BEGIN Exercise input

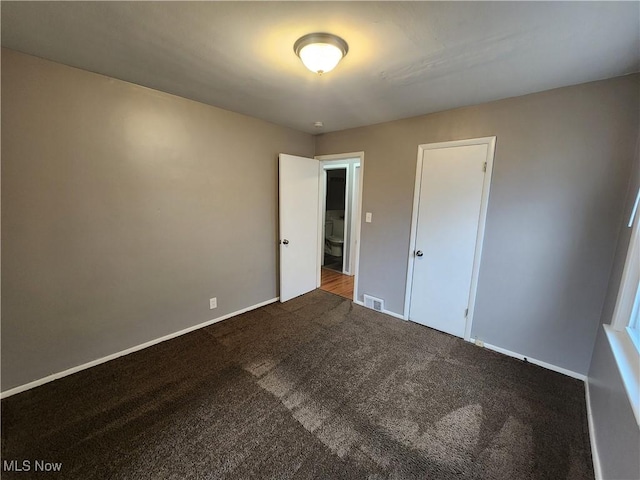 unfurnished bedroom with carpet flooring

END Exercise input
BEGIN Exercise input

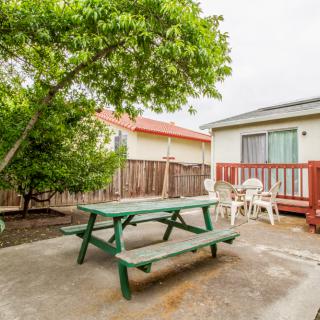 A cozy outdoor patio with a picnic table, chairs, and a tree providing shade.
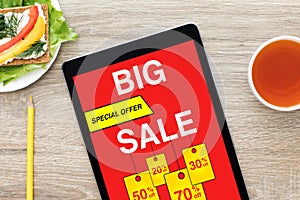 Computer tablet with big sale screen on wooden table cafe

END Exercise input
BEGIN Exercise input

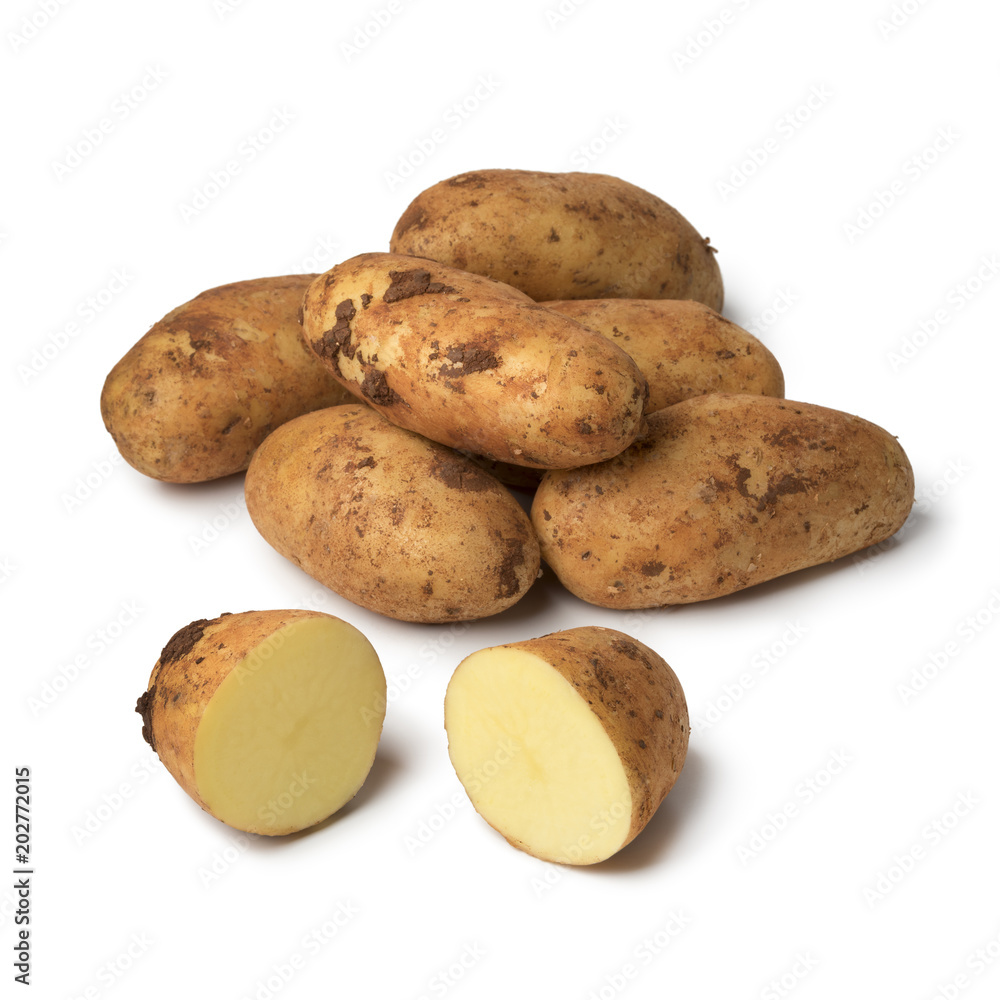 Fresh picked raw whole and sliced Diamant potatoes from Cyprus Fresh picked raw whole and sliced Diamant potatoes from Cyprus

END Exercise input

### Required action
Within the entries above, the lines from the one containing "A cozy outdoor" through the one containing "Computer tablet with" are to be transcribed exactly, ends included, pictures excluded.

### Expected answer
 A cozy outdoor patio with a picnic table, chairs, and a tree providing shade.
 Computer tablet with big sale screen on wooden table cafe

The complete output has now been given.